PLoS Medicine editorial on impact factors
The Impact Factor Game: It is time to find a better way to assess the scientific literature, PLoS Medicine, June 6, 2006. An editorial. Excerpt:
We would be lying if we said that our journal’s impending first impact factor is not of interest to us….However, for a number that is so widely used and abused, it is surprising how few people understand how a journal’s impact factor is calculated, and, more importantly, just how limited it is a means of assessing the true impact of an individual publication in that journal….Because a journal’s impact factor is derived from citations to all articles in a journal, this number cannot tell us anything about the quality of any specific research article in that journal, nor of the quality of the work of any specific author….Moreover, a journal’s impact factor says nothing at all about how well read and discussed the journal is outside the core scientific community or whether it influences health policy. For a journal such as PLoS Medicine, which strives to make our open-access content reach the widest possible audience –such as patients, health policy makers, non-governmental organizations, and school teachers– impact factor is a poor measure of overall impact….
After one in-person meeting, a telephone conversation, and a flurry of e-mail exchanges, we came to realize that Thomson Scientific has no explicit process for deciding which articles other than original research articles it deems as citable.

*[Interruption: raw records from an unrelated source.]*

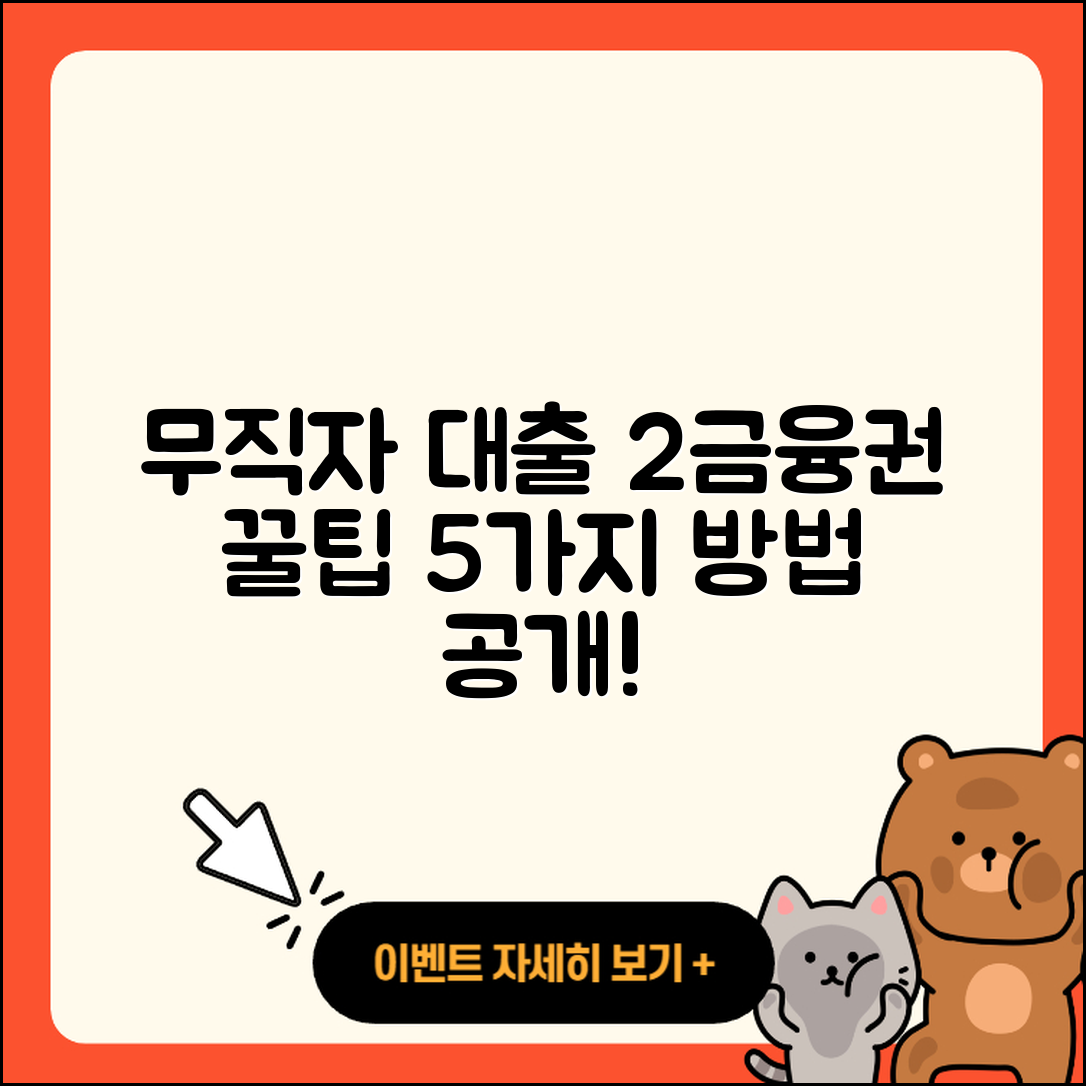 2금융권 무직자 대출 받는 5가지 방법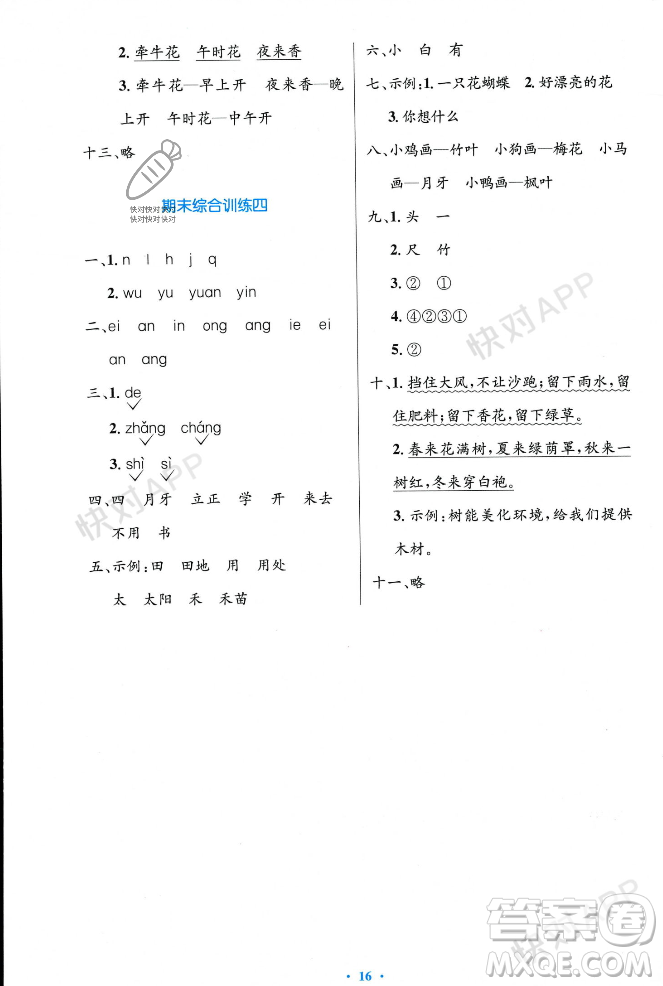 人民教育出版社2023年秋小學(xué)同步測(cè)控優(yōu)化設(shè)計(jì)一年級(jí)語(yǔ)文上冊(cè)人教版答案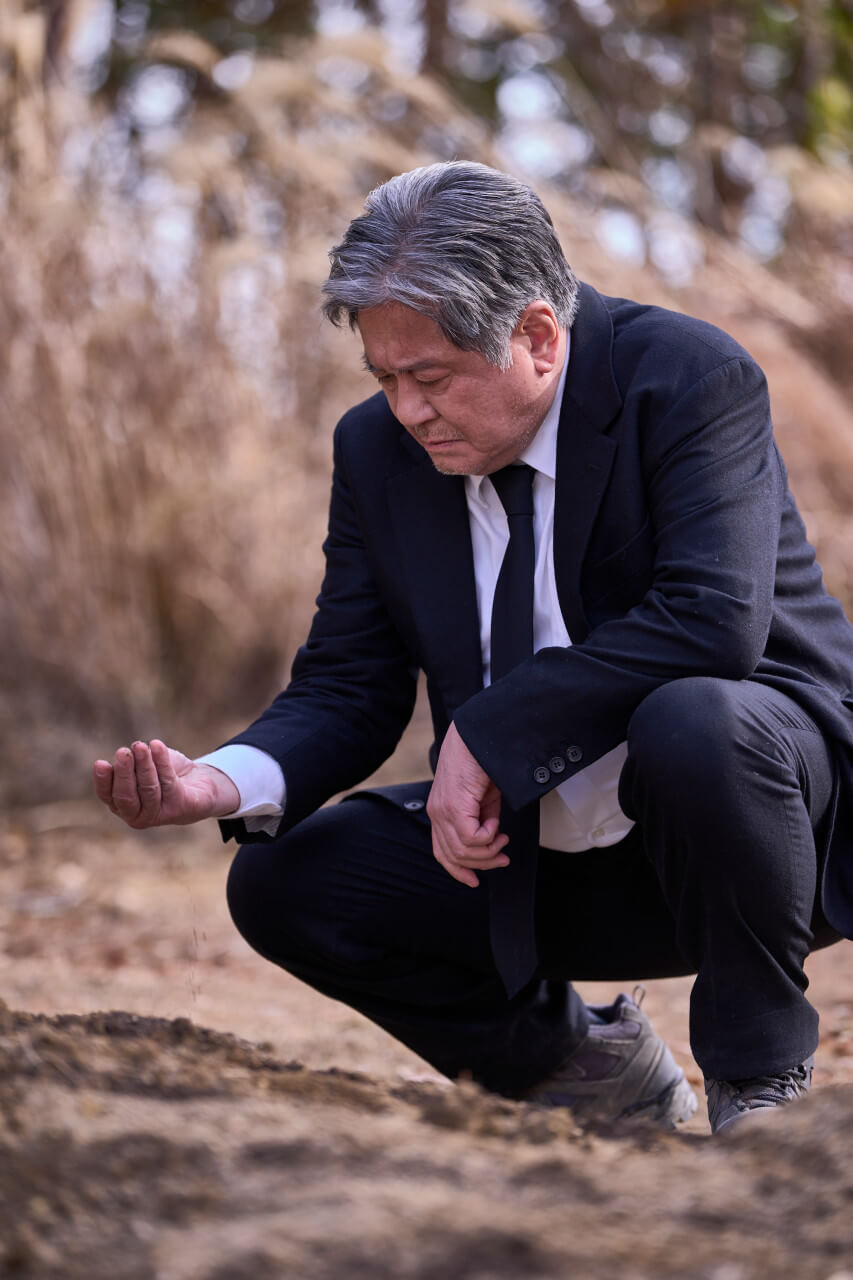 흙을 만져서 기운을 보는 풍수사 김상덕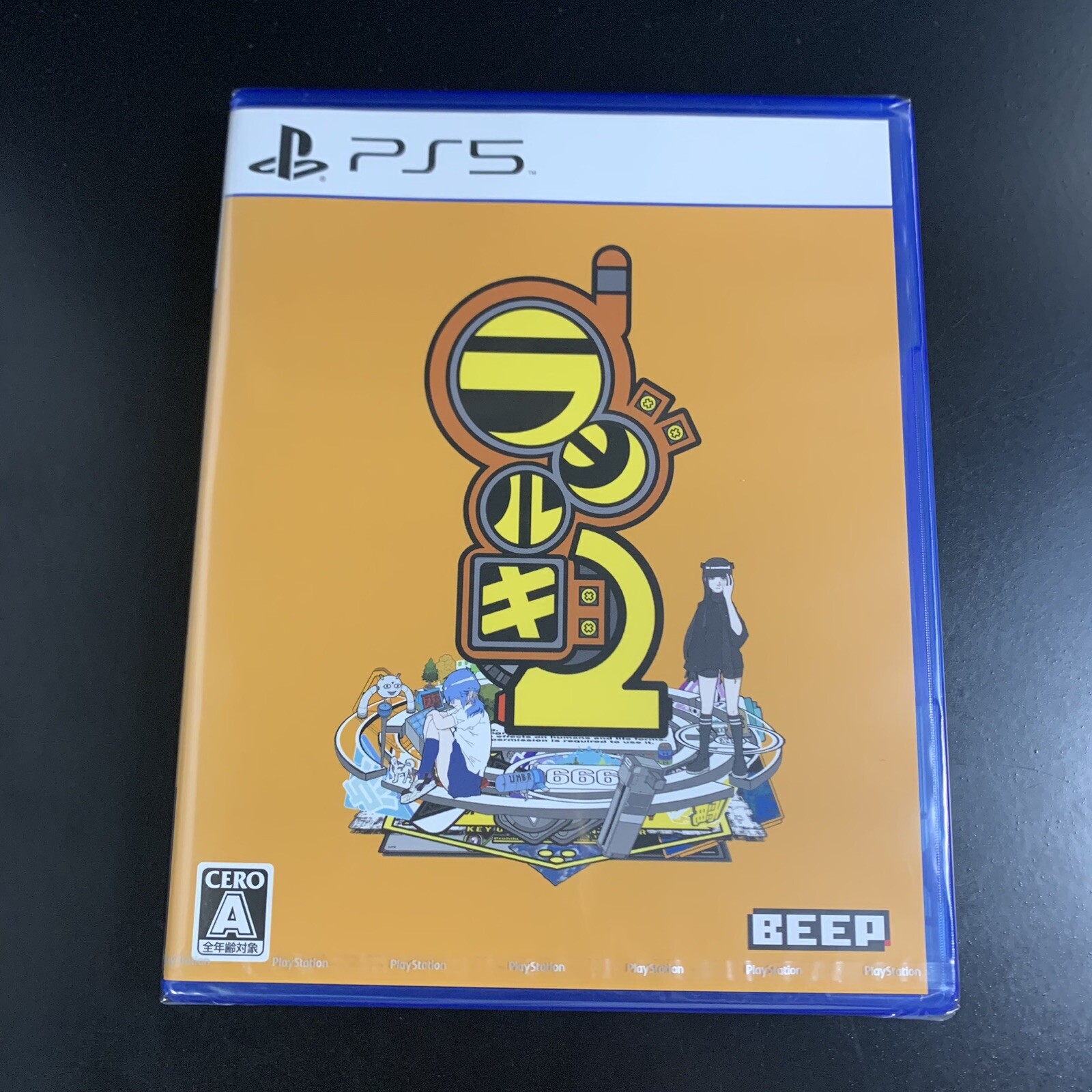 Radirgy 2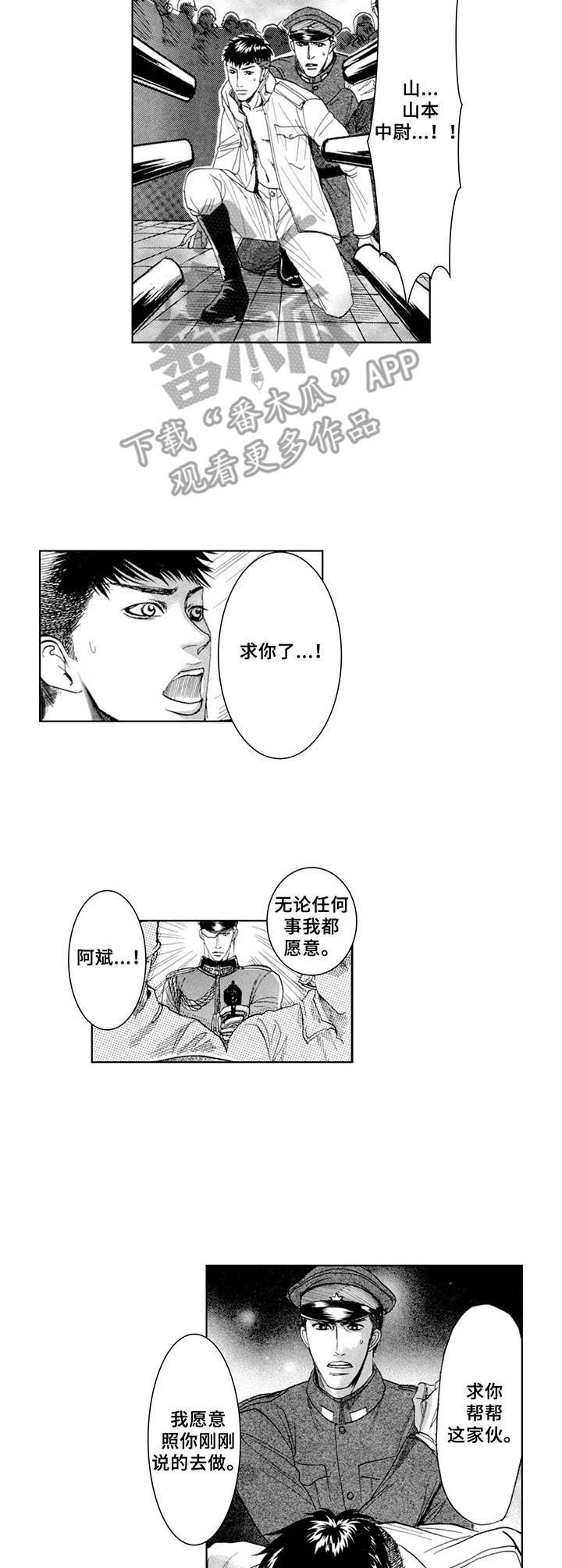 风格美学漫画漫画,第8章：求饶3图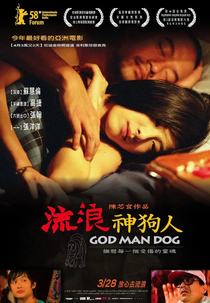 God Man Dog (Liu lang shen gou ren)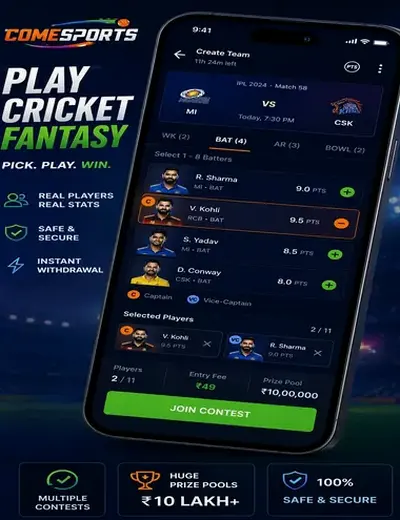Hero11 (hero11 app) fantasy cricket & matchday visual 2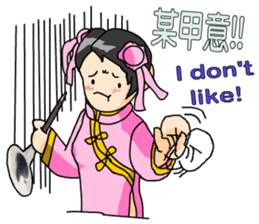 The girl of the Chinese national music sticker #6325478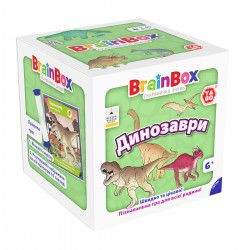 Пізнавальна гра - BrainBox Динозаври фото-7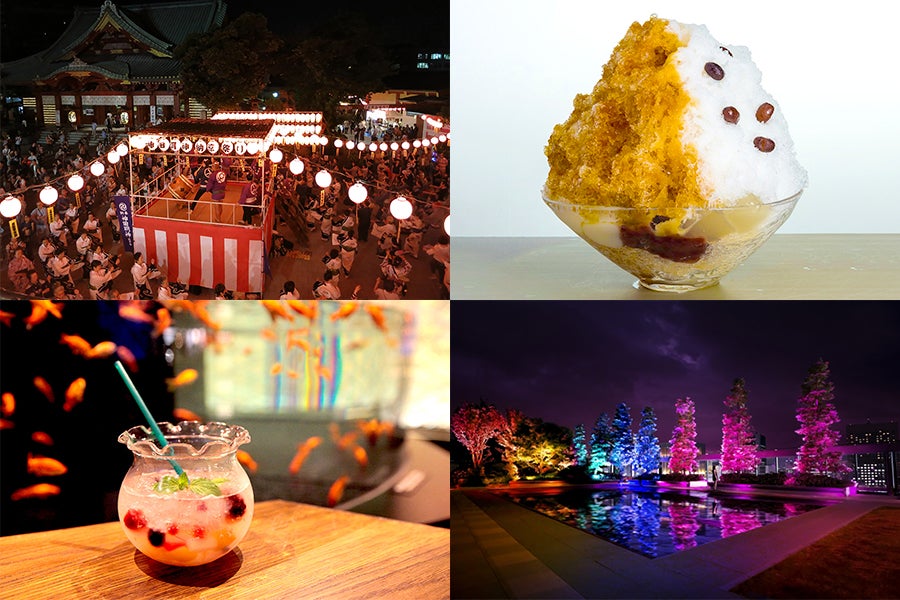 8月9日イベントランキング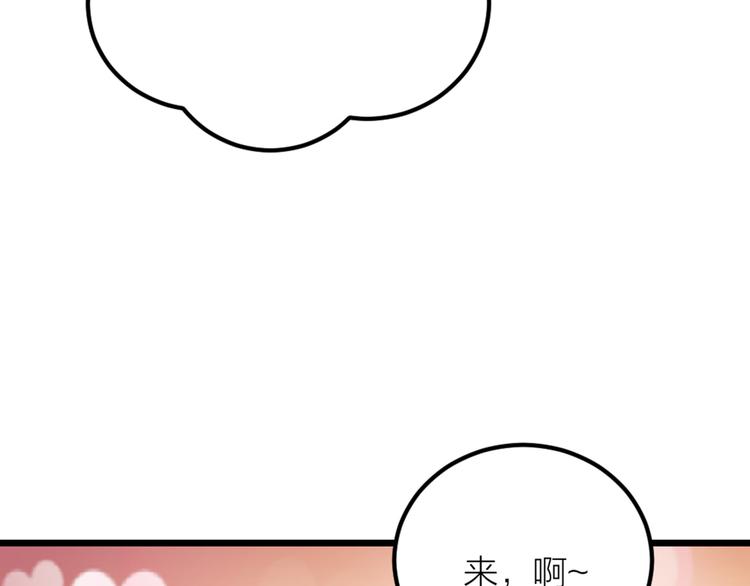 第33话 当面对质(1/3)-第35话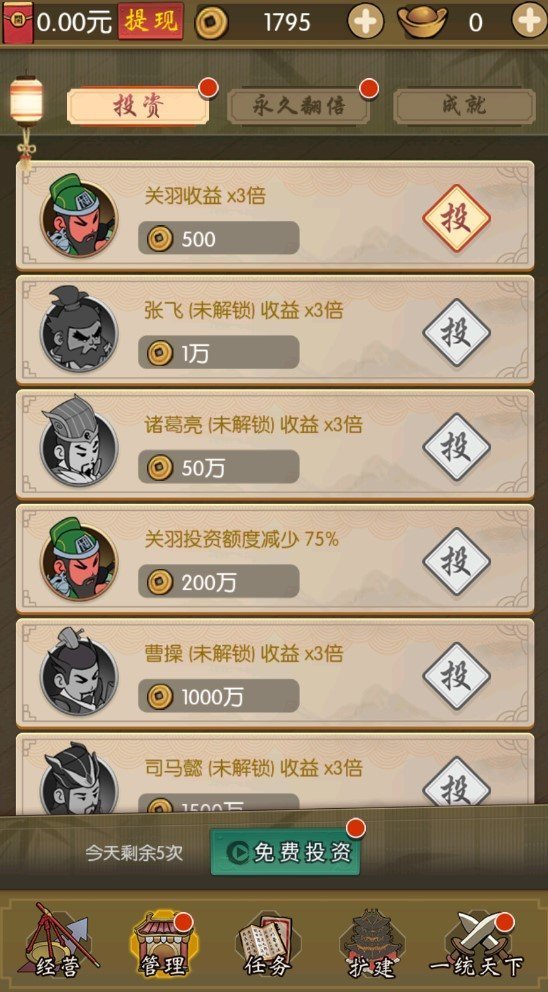 摆摊吧主公游戏v1.1.0.000.1214.1831下载图1: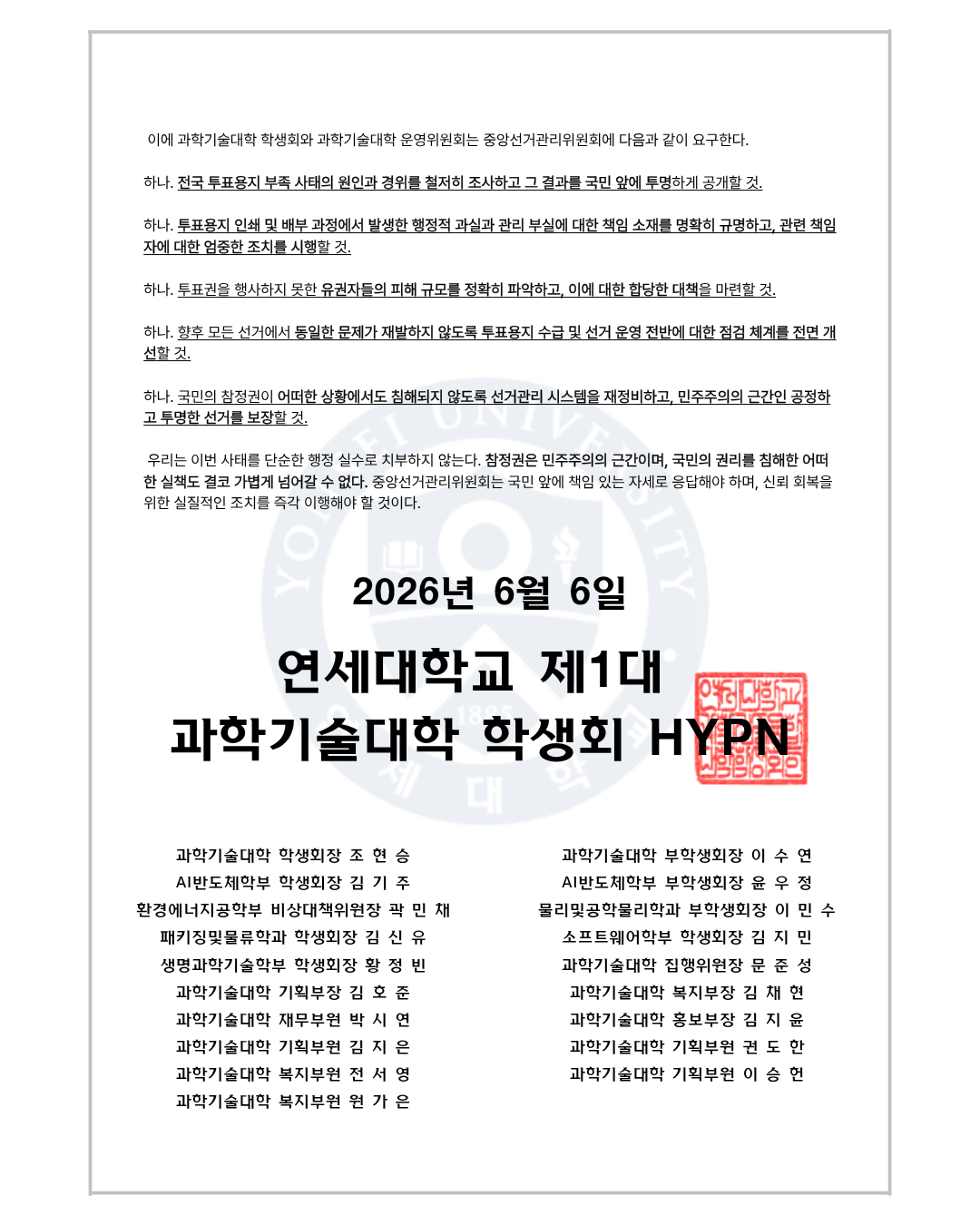 연세대학교 미래캠퍼스 과학기술대학학생회 성명서 원문 2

We conclude that science is currently rated by a process that is itself unscientific, subjective, and secretive.
Even more importantly, it is time to reconsider the whole process of accurately assessing an individual paper’s worth not only to scientists, but also to the wider community of readers. First, although any measure of impact will remain flawed in some way, when assessing the impact of individual articles or of the papers of individuals or groups of scientists, it surely makes more sense to measure the citations specifically to those individual articles (or to papers by individuals or groups of scientists) rather than using a journal’s impact factor as a proxy measure. However, it is not clear whether Thomson Scientific could measure such individual article citations accurately. Second, we urge the company to take its responsibility seriously and increase transparency and accountability. Third, we suggest that the company’s staff engage in the ongoing debate among other shareholders of scientific publishing and recognize that, there are –finally– other ways of measuring impact and visibility of scholarly articles….
The opening up of the literature means that better ways of assessing papers and journals are coming—and we should embrace them.